「美の祝典3ー江戸絵画の華やぎ」 出光美術館

出光美術館
「開館50周年記念 美の祝典3ー江戸絵画の華やぎ」
6/17〜7/18



出光美術館で開催中の「美の祝典3ー江戸絵画の華やぎ」へ行ってきました。

開館50周年を記念したコレクション展こと「美の祝典」。全3回シリーズです。

既に会期は第1期のやまと絵、第2期の水墨を終え、最終の第3期目に突入。「江戸絵画の華やぎ」と題し、館蔵の江戸絵画が一堂に公開されています。


喜多川歌麿「更衣美人図」 江戸時代 重要文化財 出光美術館

冒頭は歌麿に北斎の肉筆です。歌麿の「更衣美人図」が美しい。女性が着物を脱ぐ姿を描いています。おそらくは真夏でしょう。帯を解き、やや袖を開けては、如何にも暑そうに扇子で風を送っています。緊張も緩んだのかもしれません。ため息をついているようにも見えます。藍ともグレーとも言える着物の表現も見事でした。筆に緩みはありません。

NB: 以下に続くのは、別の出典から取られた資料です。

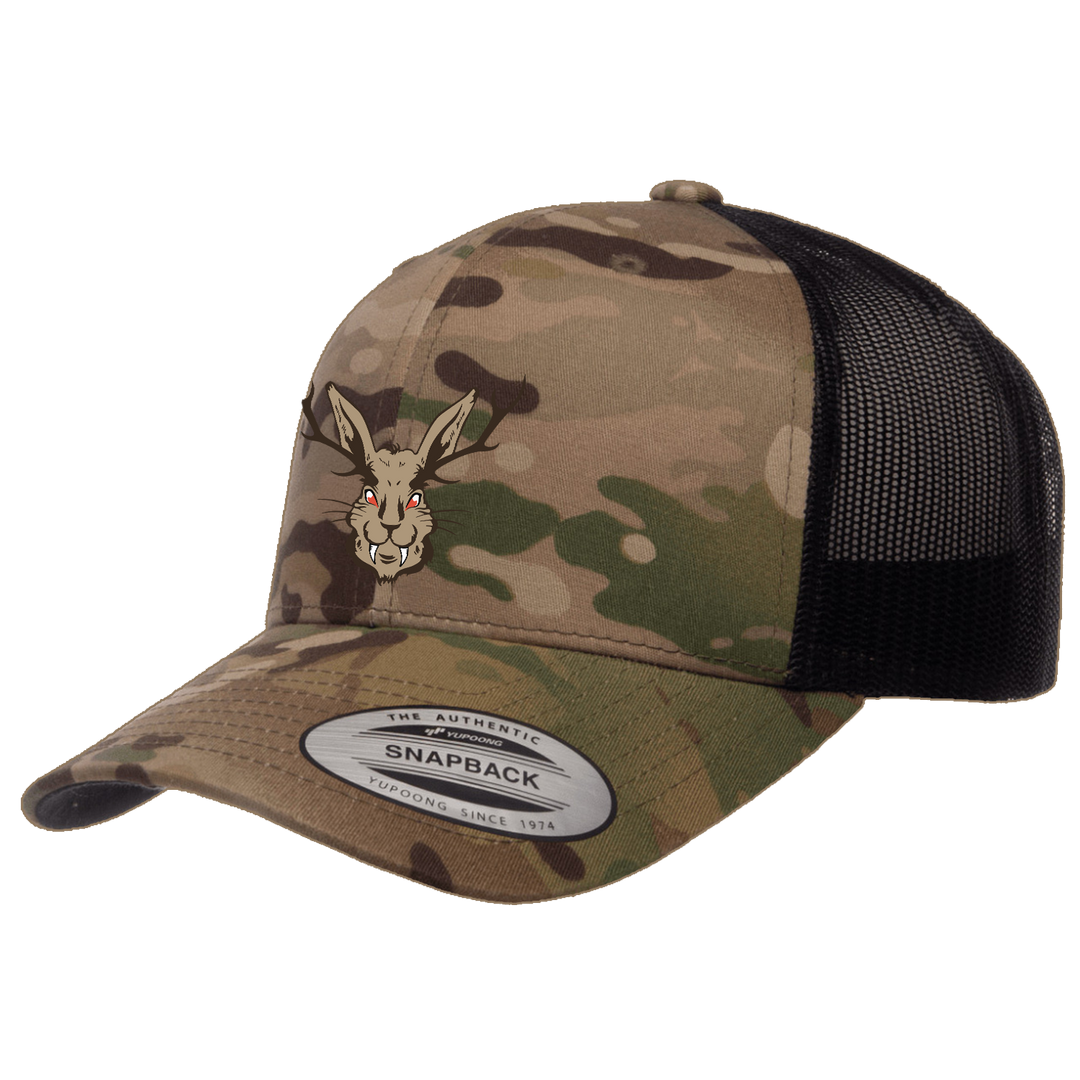 D Co, 1-214 GSAB Misfits Embroidered Hats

その後は桃山から江戸期の屏風でした。4点の揃い踏み。まず横に並ぶのは「祇園祭礼図屏風」と「洛中洛外図屏風」です。ともに京都市中の景観や賑わいを表しています。

うち「洛中洛外図屏風」が面白い。右に東山、左中央に二条城を配置したパノラマですが、右隻の右上に伏見城が描かれているのが特徴です。二条城に負けじと天守閣が堂々とそびえています。町家の屋根に目が留まりました。上に重石でしょうか。石が載っています。市中では喧嘩も多かったのかもしれません。男たちが刀を抜いて向き合う姿も見て取れます。一人、外国人でしょうか。傘を従えて歩く大きな男の姿が目にとまりました。

「南蛮屏風」の舞台は港です。もちろん来航するのは南蛮船です。ちょうど小舟を出して荷物を陸揚げする様子を描いています。外国人は皆、背が高い。その大きさに江戸時代の人々はさぞかし驚いたのではないでしょうか。右に見えるお堂は教会です。何名かの宣教師がいます。保存状態も良好です。細部の着色も鮮やかでした。

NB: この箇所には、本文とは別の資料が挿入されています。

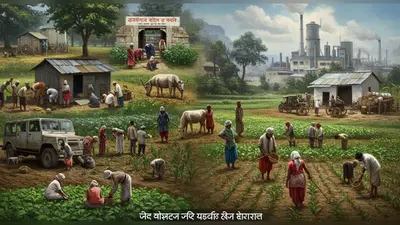 भारत में बेरोज़गारी के प्रकार प्रच्छन्न बेरोज़गारी और आर्थिक क्षेत्रकों में रोज़गार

「江戸名所図屏風」に驚きました。と言うのも、どこも過剰なまでに人で溢れ返っているからです。押し合いへし合いと人がうごめいています。一体、何名いるのでしょうか。右隻は寛永寺から日本橋、左隻は江戸城から芝浦の景色が広がっています。時は寛永6年です。何でも解説によれば寛永寺の池にペリカンが現れた記録があり、実際にそれが描かれているから分かったそうです。確かに池のほとりで一羽の鳥が羽を休めていました。

英一蝶の「四季日待図巻」に魅せられました。元は神事であった日待。元禄の頃には夜通しで宴会や芝居に講じるお祭りとして浸透していたそうです。さすがは一蝶、筆が流麗です。祭りを楽しむ人々を生き生きと表しています。飲めや歌えのどんちゃん騒ぎは今も江戸時代もさほど変わらないのかもしれません。囲碁に博打をしている人もいます。ちなみに本作は一蝶が流刑先の三宅島で制作しました。とするもお祭りの様子も彼の記憶に過ぎません。何を思って描いたのでしょうか。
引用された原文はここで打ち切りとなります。